▶
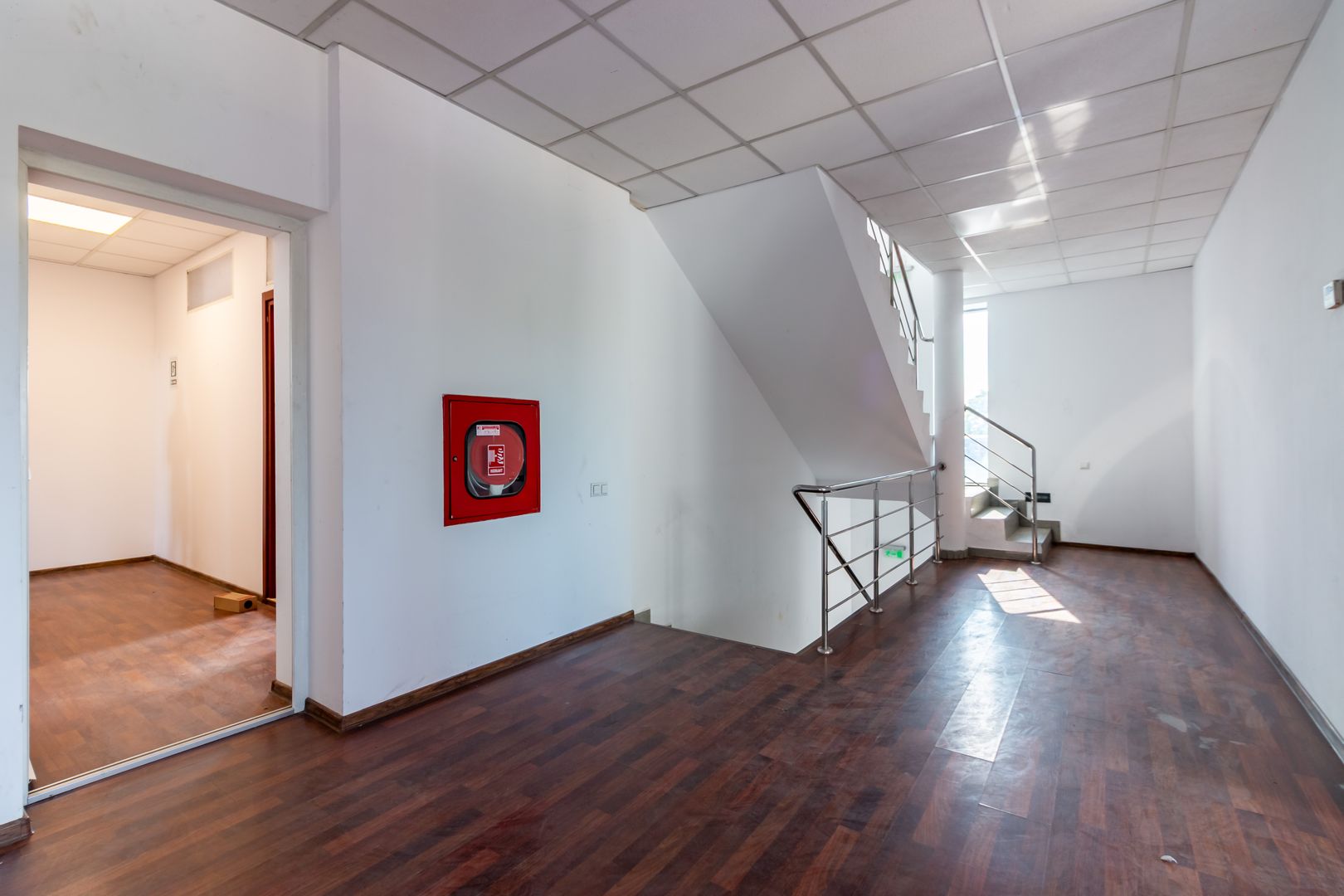 Vanzare Spațiu industrial-logistic 1550mp Centura B. Renovat 2024 ISU - Poză 19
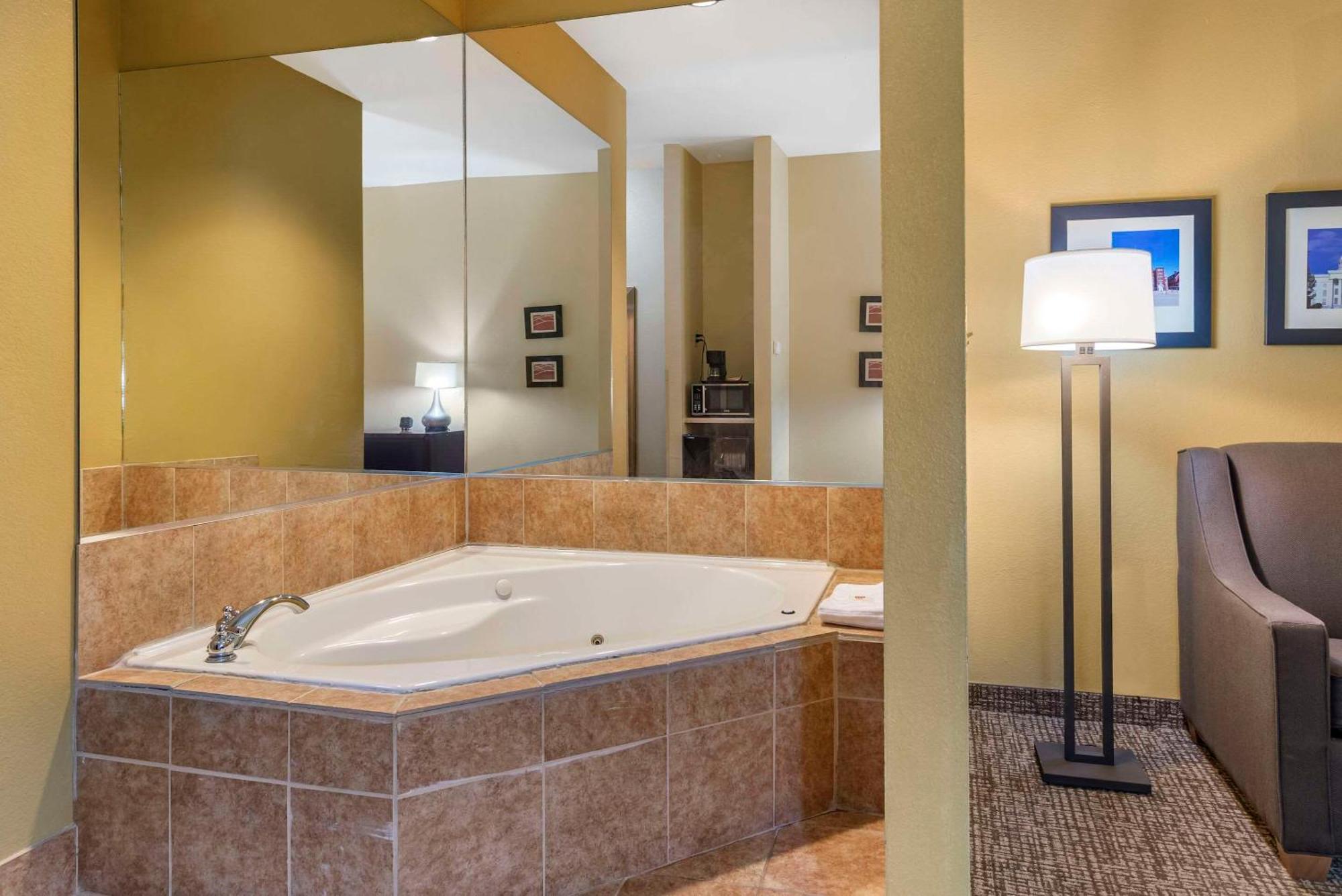 Comfort Suites Montgomery East Monticello Dr Buitenkant foto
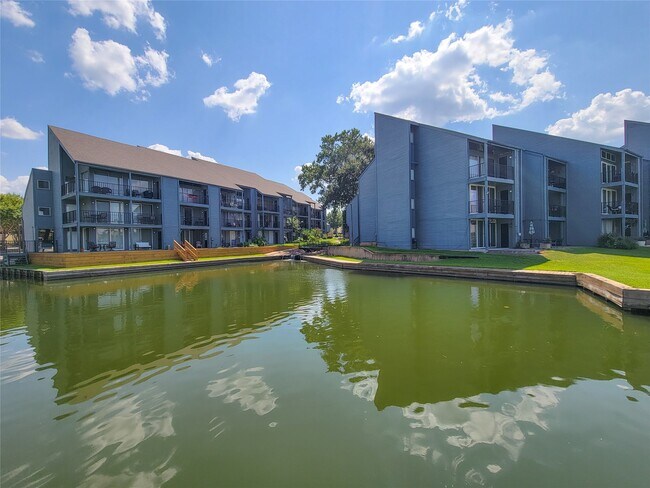 Building Photo - 12500 Melville Dr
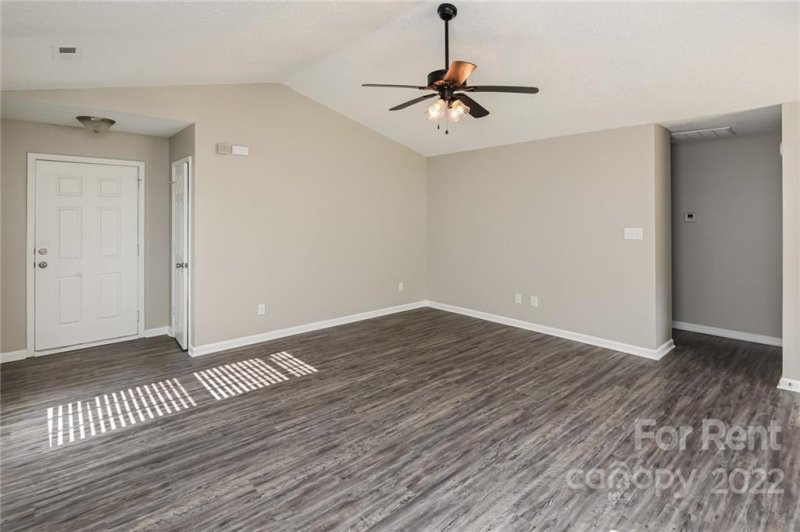 Property image 4 at 5744 Fairchase Avenue, Charlotte, NC 28269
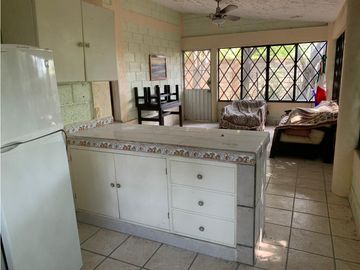 CASA EN VENTA CON VISTA AL LAGO 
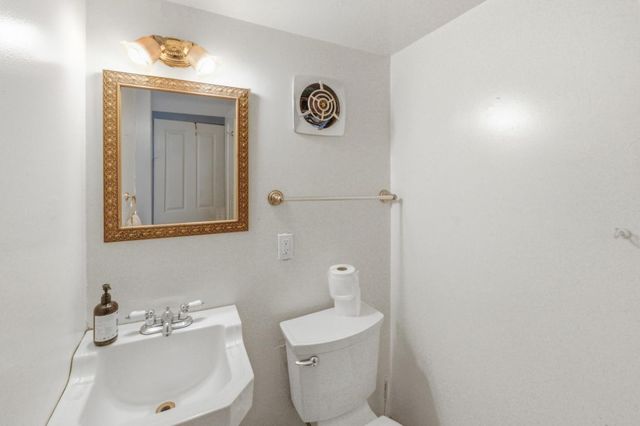 233 Van Ness Avenue, Santa Cruz, CA 95060
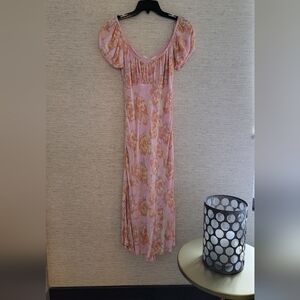 Nwot 🌸🌼🐰🐇Pink and Orange Ruffled Tiered Midi Dress with Puff Sleeves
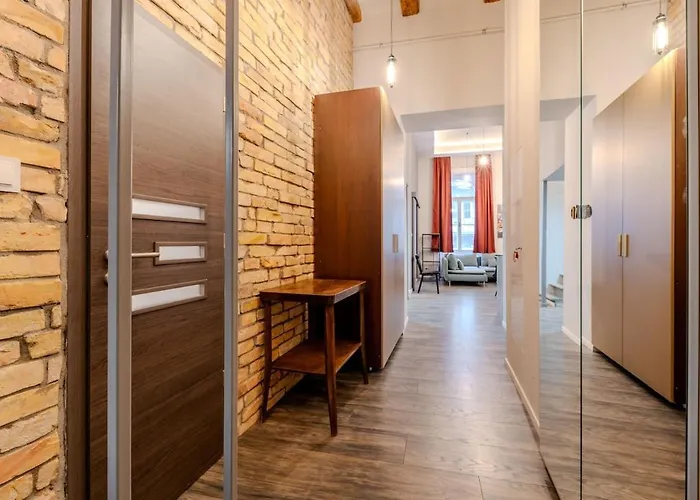 Anna's Ruin Corner Apartamento *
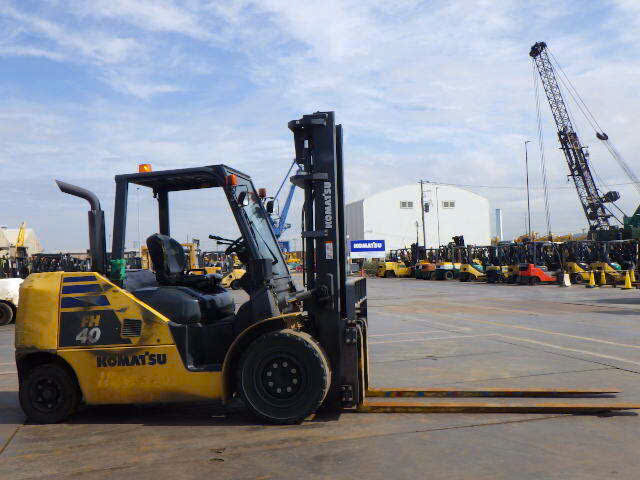 Xe nâng dầu 4.0 tấn Komatsu FH40-2 serie 141153 - Ảnh 2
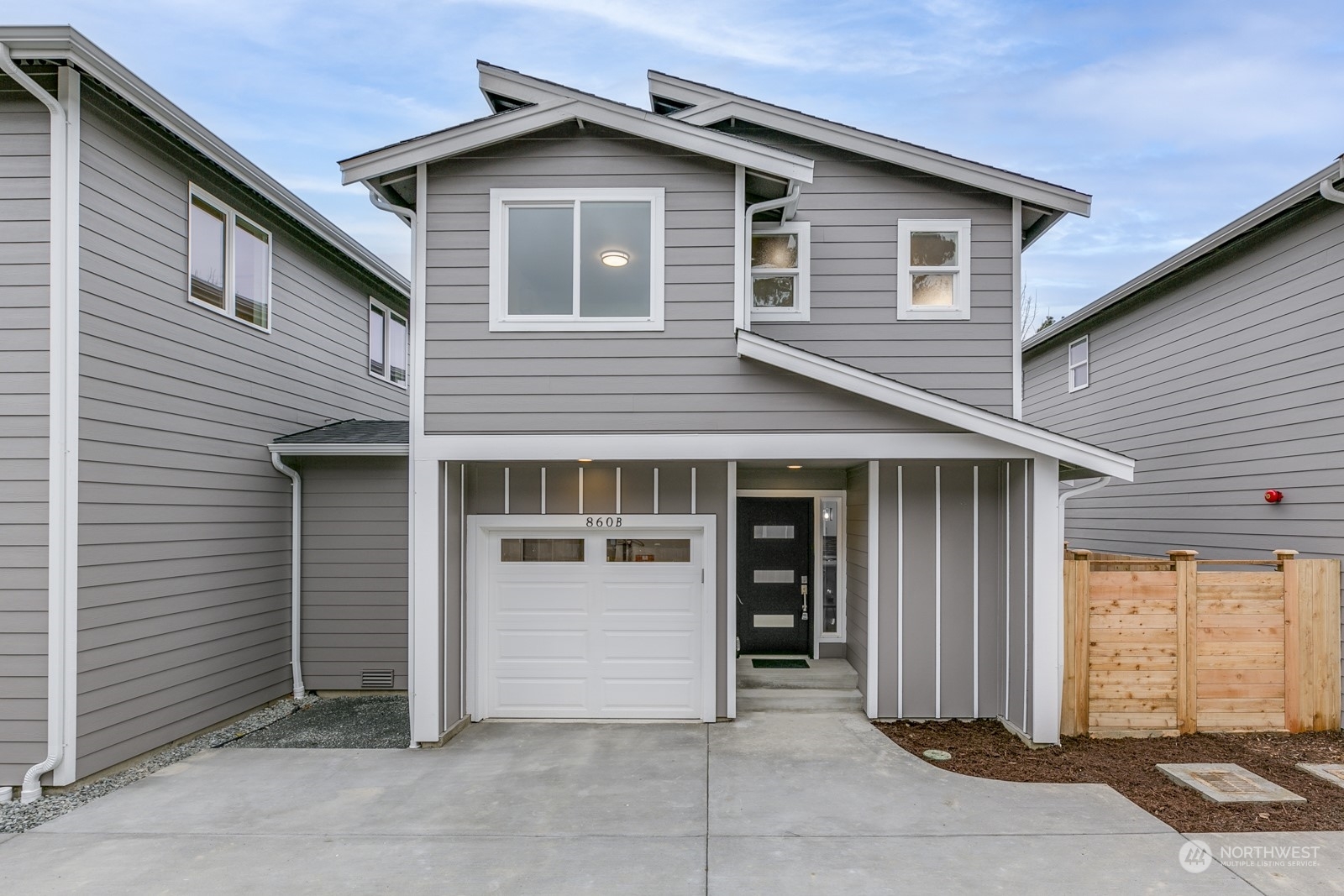 Property Photo:  860 B SW 136th Street  WA 98166 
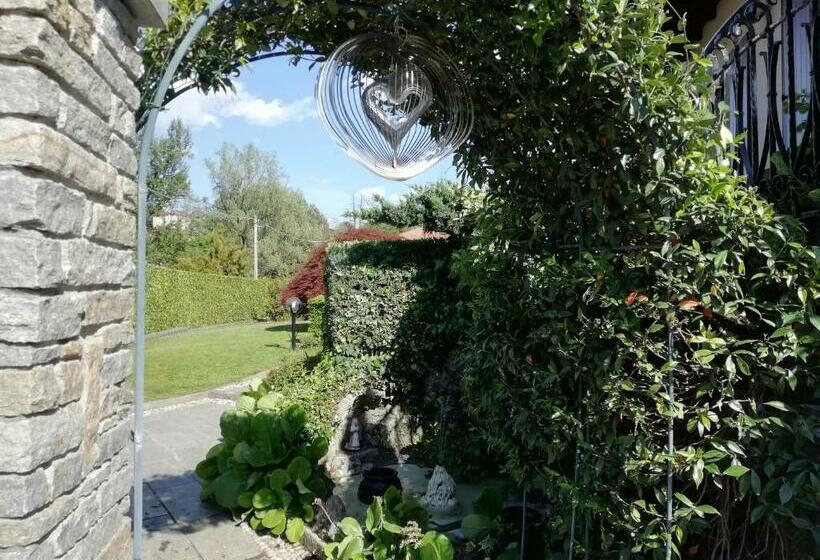 אתר נופש Villa Azalea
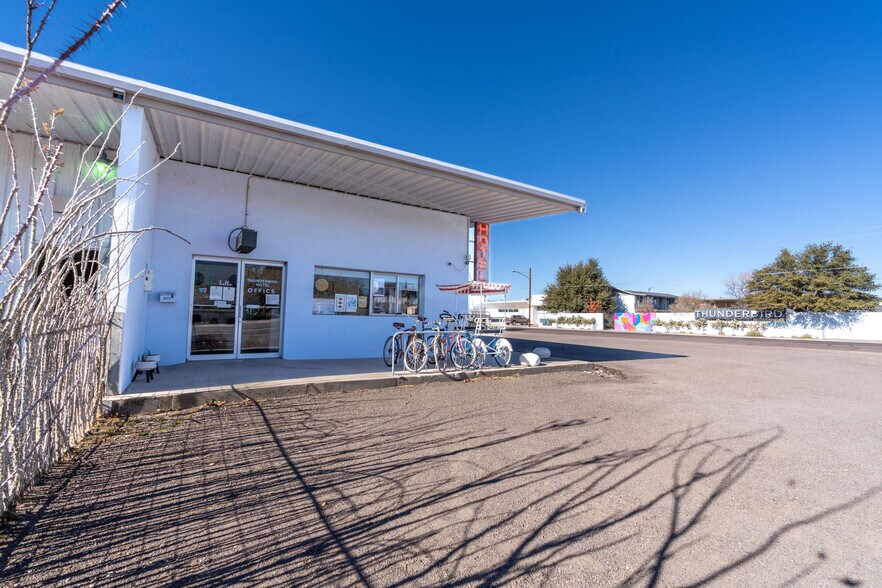 More Photos Of 601 W San Antonio St, Marfa Showroom For Sale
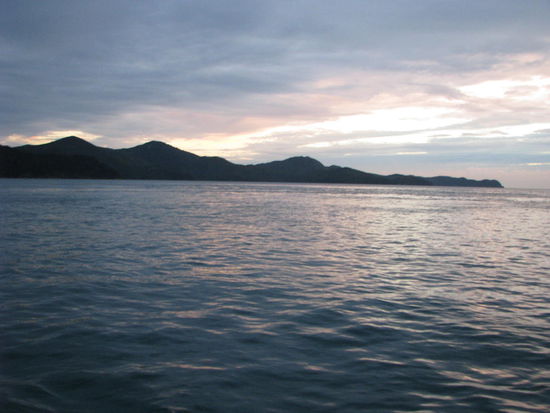 In den Sonnenuntergang gefahren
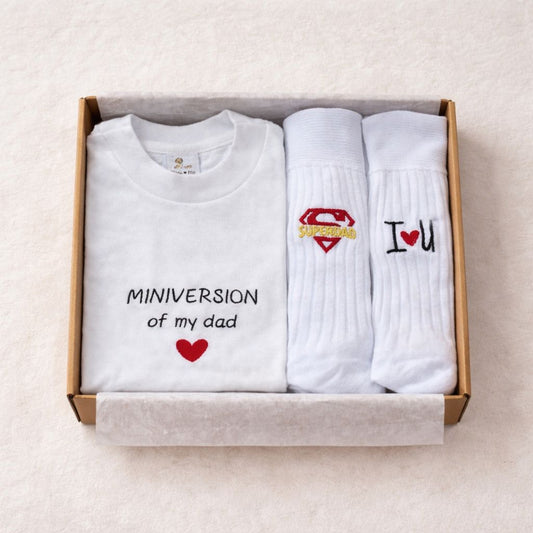 box per la festa del papà composta da un paio di calze in filo di scozia per il papà e una maglietta per il/la figlio/a. Ricamo personalizzabile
◀
* **What is required**
The records above, minus their pictures, are to be returned word for word.

* **Result of this exercise**
 Vanzare Spațiu industrial-logistic 1550mp Centura B. Renovat 2024 ISU - Poză 19
 Comfort Suites Montgomery East Monticello Dr Buitenkant foto
 Building Photo - 12500 Melville Dr
 Property image 4 at 5744 Fairchase Avenue, Charlotte, NC 28269
 CASA EN VENTA CON VISTA AL LAGO 
 233 Van Ness Avenue, Santa Cruz, CA 95060
 Nwot 🌸🌼🐰🐇Pink and Orange Ruffled Tiered Midi Dress with Puff Sleeves
 Anna's Ruin Corner Apartamento *
 Xe nâng dầu 4.0 tấn Komatsu FH40-2 serie 141153 - Ảnh 2
 Property Photo:  860 B SW 136th Street  WA 98166 
 אתר נופש Villa Azalea
 More Photos Of 601 W San Antonio St, Marfa Showroom For Sale
 In den Sonnenuntergang gefahren
 box per la festa del papà composta da un paio di calze in filo di scozia per il papà e una maglietta per il/la figlio/a. Ricamo personalizzabile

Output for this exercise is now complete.